Writing fiction is an act of empathy. It is an attempt to escape the prison of the self and view the world through the eyes of another.

In time I would learn police procedures and forensics. I would learn that the justice system is an absurd but necessary construct. Most of all, I would learn about the lives of Maine game wardens.

One of the great and unanticipated pleasures of writing this series has been the time I have spent in the company of conservation officers.

While I don’t write for their approval, I am always gratified when they tell me I have captured something of their experience that they themselves have trouble articulating.

Writing fiction is an act of empathy. It is an attempt to escape the prison of the self and view the world through the eyes of another.
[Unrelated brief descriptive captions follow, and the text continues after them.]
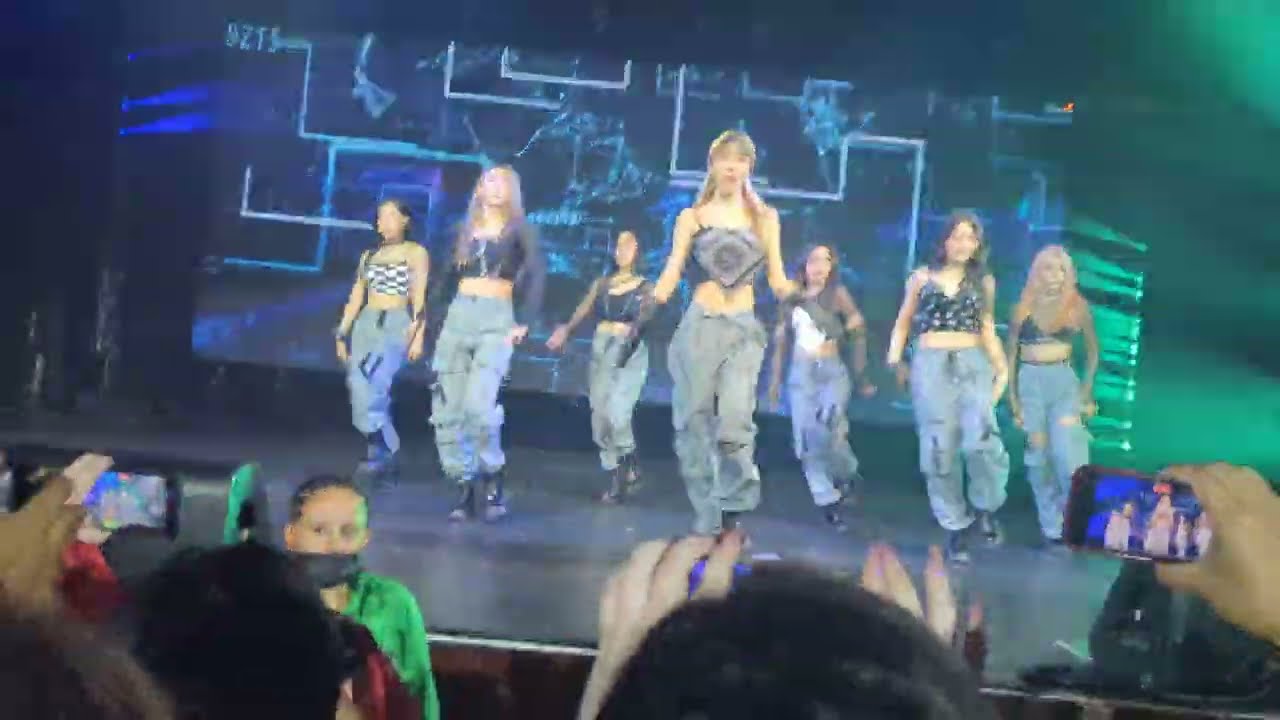 DREAMCATCHER - Odd Eye @ Palladium NYC 2022 [1080p60fps]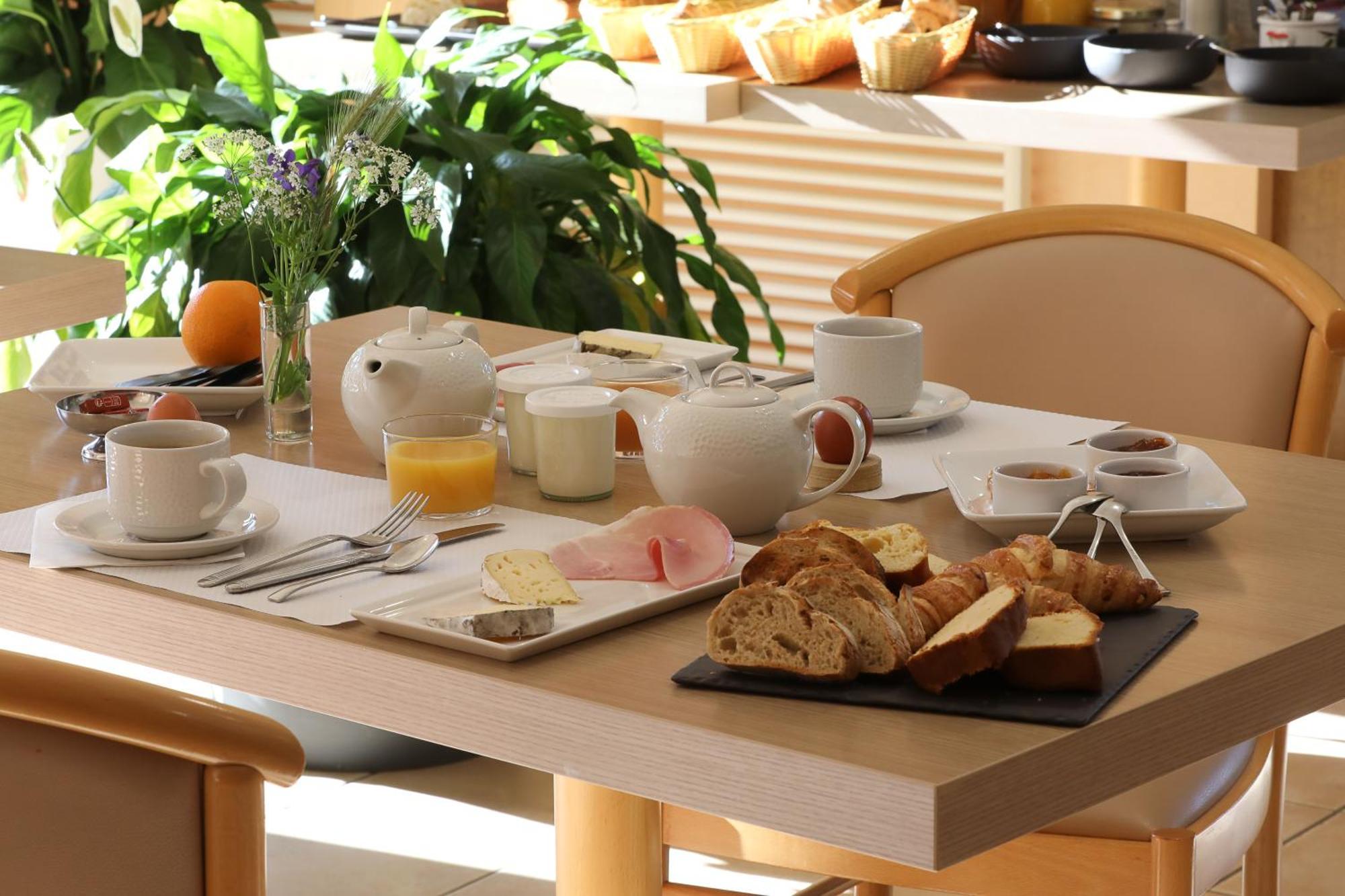 Lanarce Logis Hotel Spa Restaurant Le Provence מראה חיצוני תמונה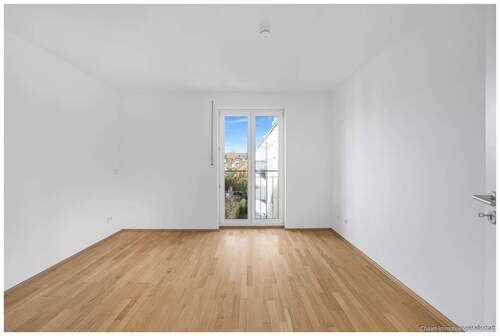 Schlafzimmer mit Blick in den ruhigen Innenhofe - 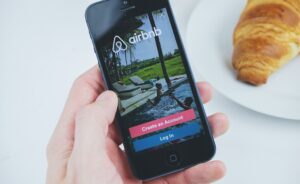 ΣΤΕ: παράνομη η εγκύκλιος της ΑΑΔΕ για τη φορολόγηση των Airbnb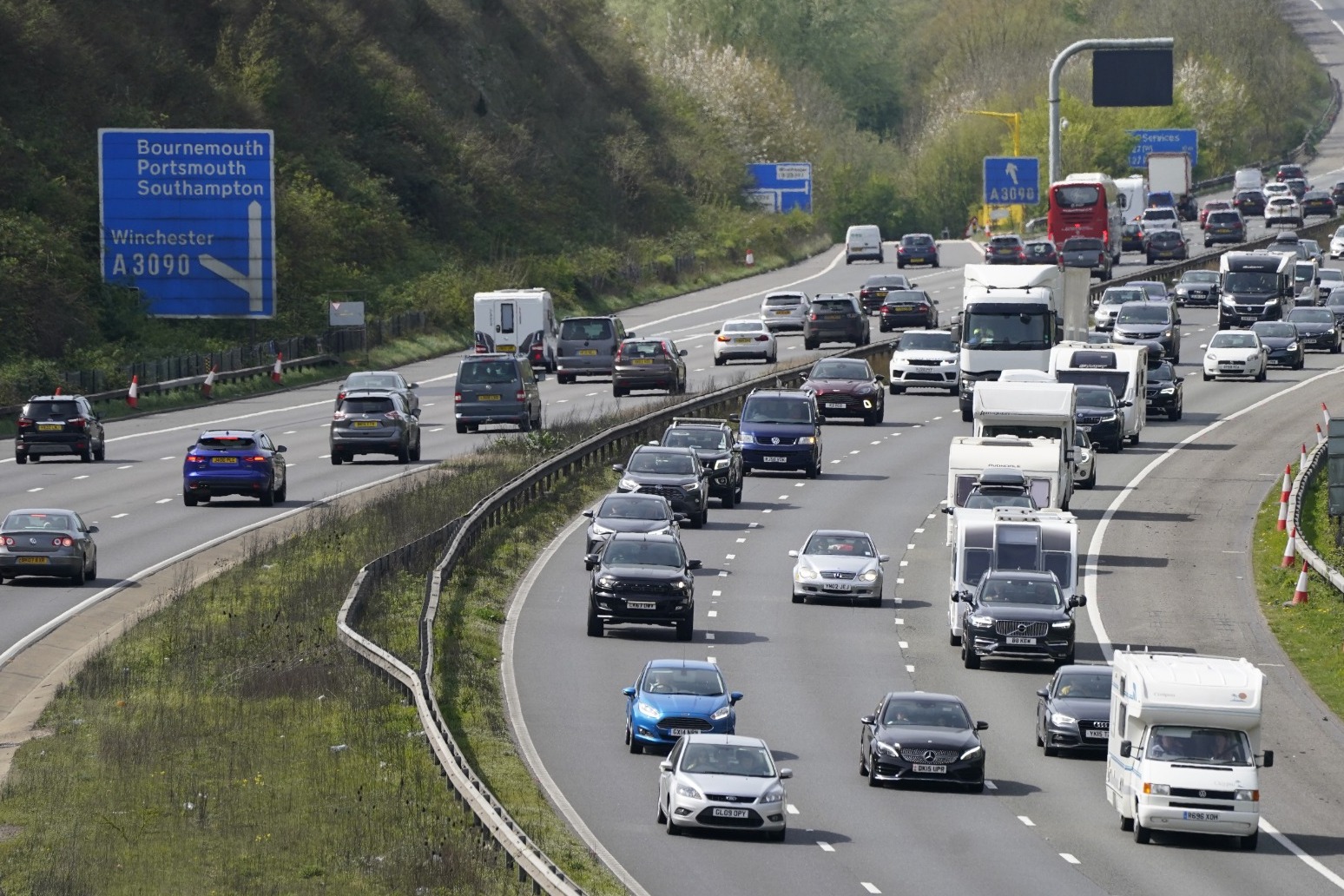 Struggles to keep on top of car admin costing some drivers more, survey finds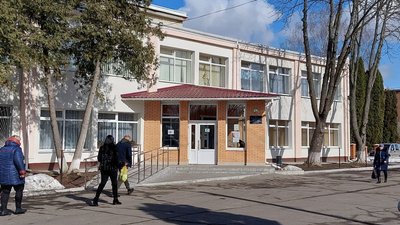 Гроші за безоплатні послуги. НСЗУ просить лікарню на Сумщині повернути кошти пацієнту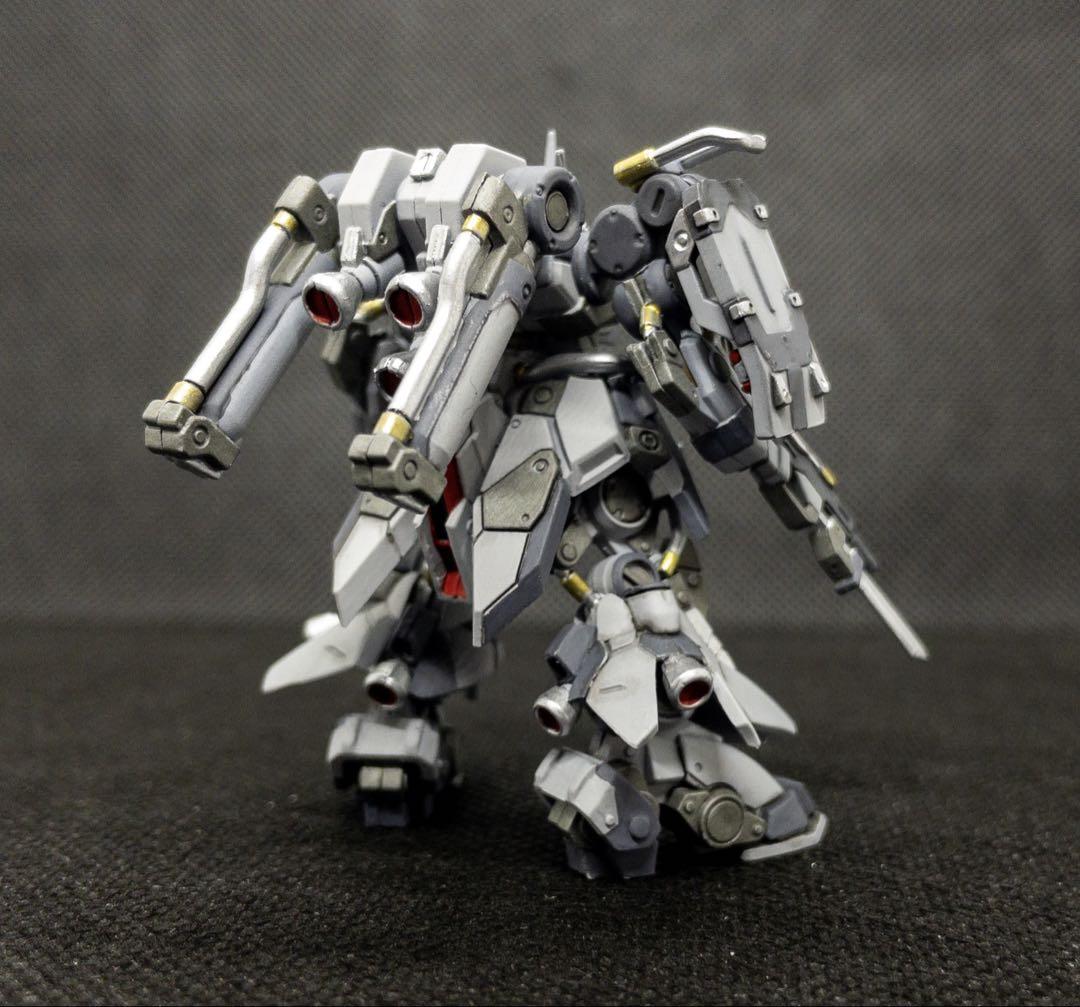 ガンダムアーティファクト ザクⅢ 塗装済み 完成品 ケース付き ガンダムアーティファクト ザクⅢ 塗装済み 完成品 ケース付き
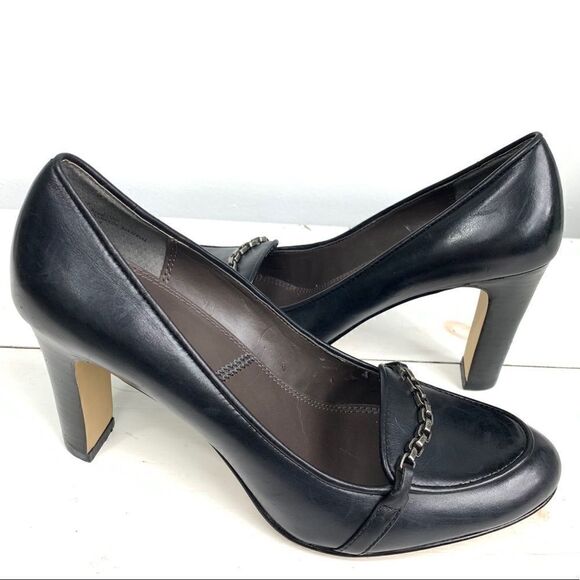 Tahari La Salle chain loafers 7.5  31/2”heel - Picture 5 of 5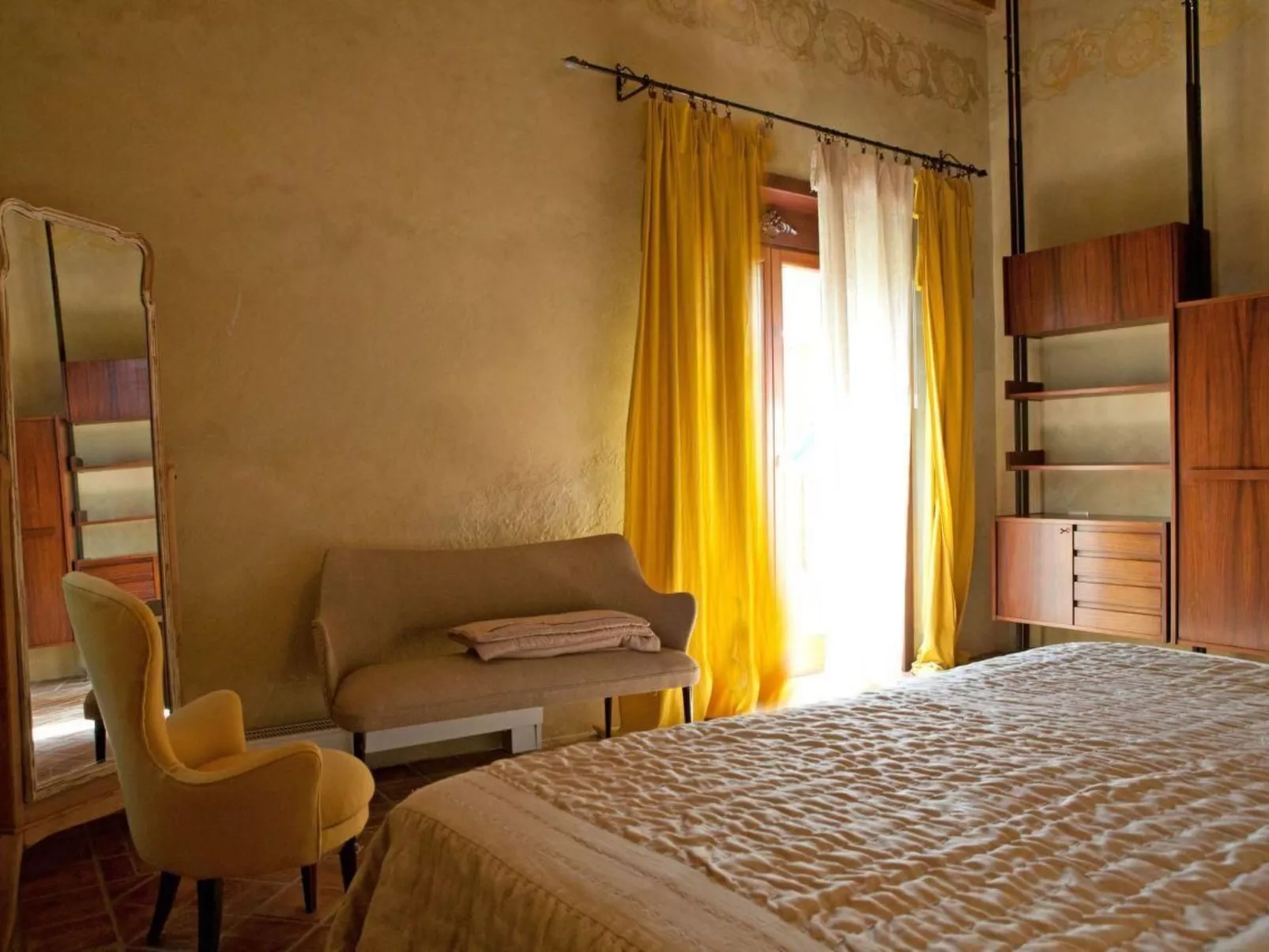 In Montescudaio mit Großem Garten-Image-tags.info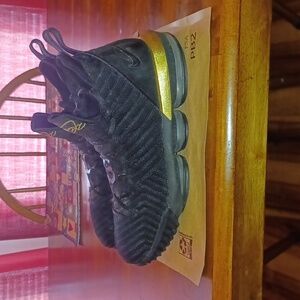 Lebron 16 I'm King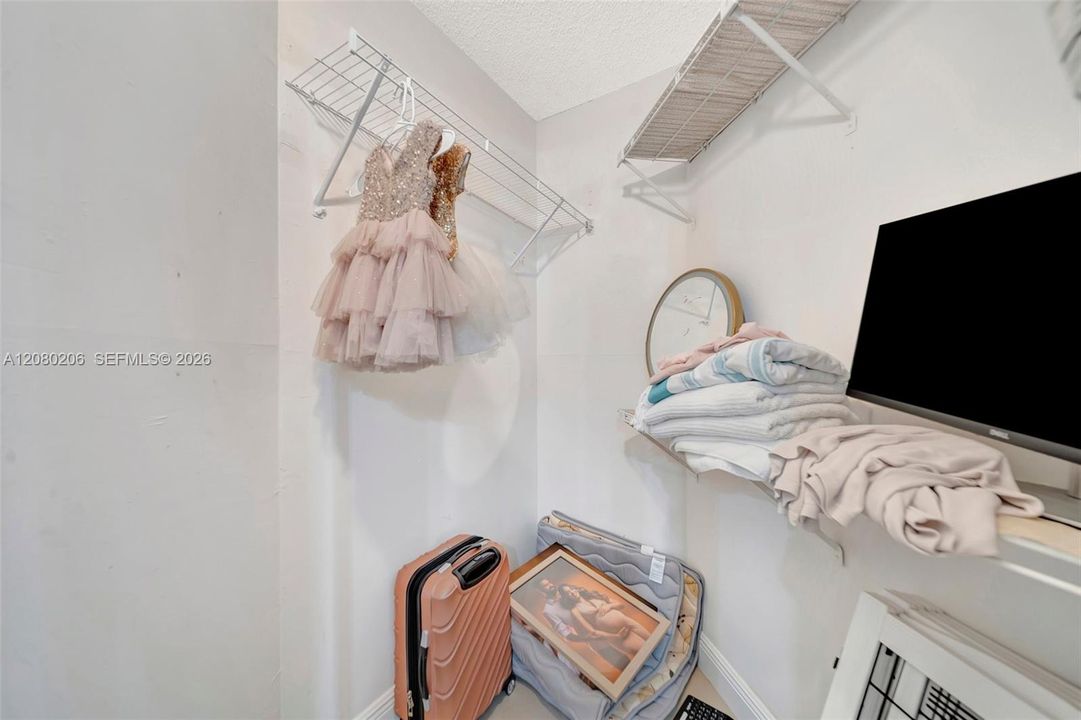 For Sale: $250,000 (1 beds, 2 baths, 1156 Square Feet)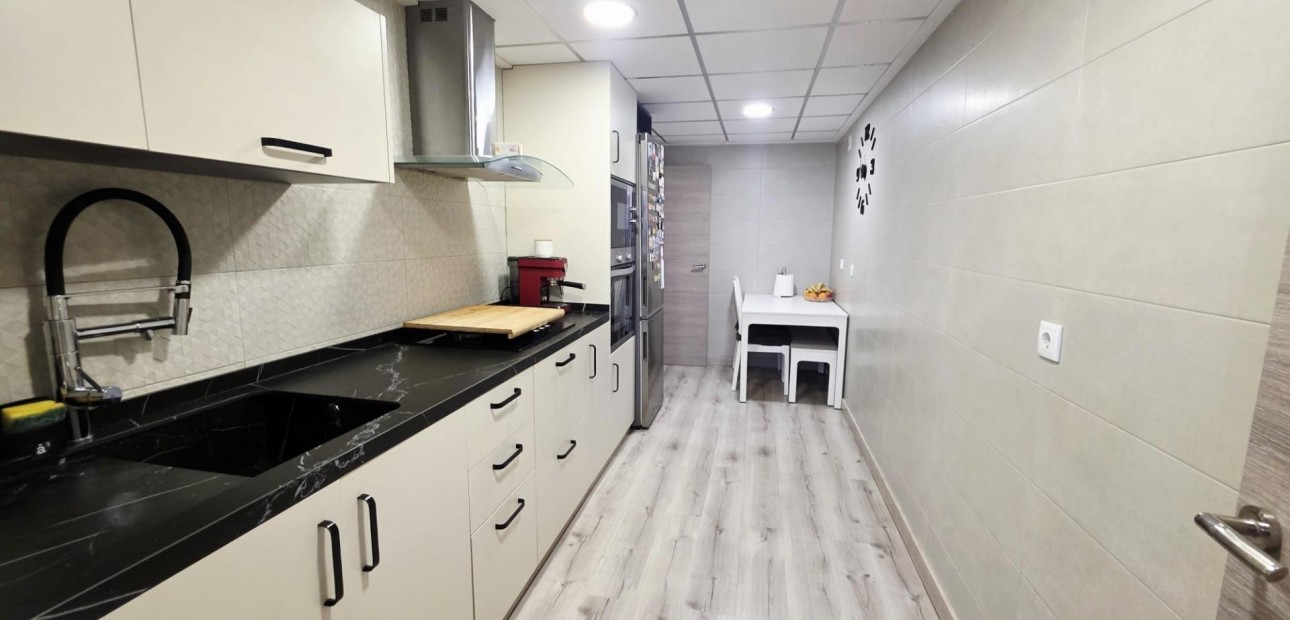 Herverkoop - Appartement / flat -
Almoradi - Centro urbano 2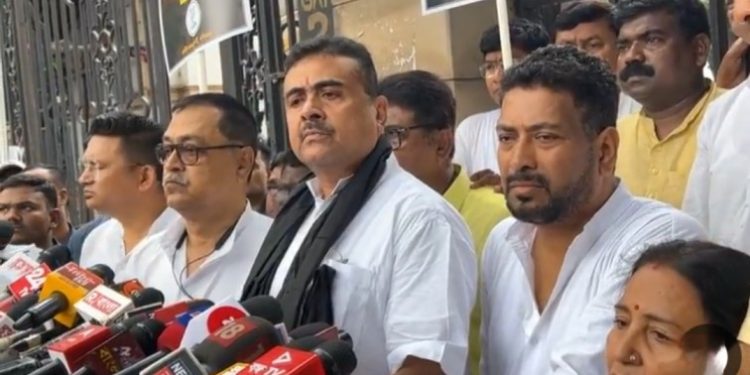 ধুলিয়ানের তৃণমূলের চেয়ারম্যান, সামসেরগঞ্জের বিধায়ক ও ফারাক্কার বিধায়কের দাদারা দিকে দাঙ্গা উসকে দেওয়ার ইঙ্গিত দিলেন শুভেন্দু, বললেন : ‘আগামী দিনে গোটা রাজ্যে প্যারা মিলেটারি এবং আর্মি নামানো হবে’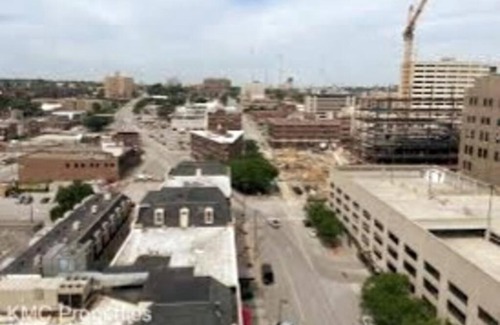 Downtown Omaha Apartment | Cozy Downtown Condo w/ Blue Sky Views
In The Poacher’s Son, I have attempted to see Maine through the eyes of a troubled yet heroic young warden named Mike Bowditch. More than that, I have tried to bring him so fully to life that he seems real to my readers, as three-dimensional as a human being. The best characters, after all, are the ones who aren’t content to dwell only on the printed page. I have this fancy that someday, out in the woods or on the waters, I might actually meet Mike Bowditch. If I do, I hope he forgives me for all the trouble I have put him through.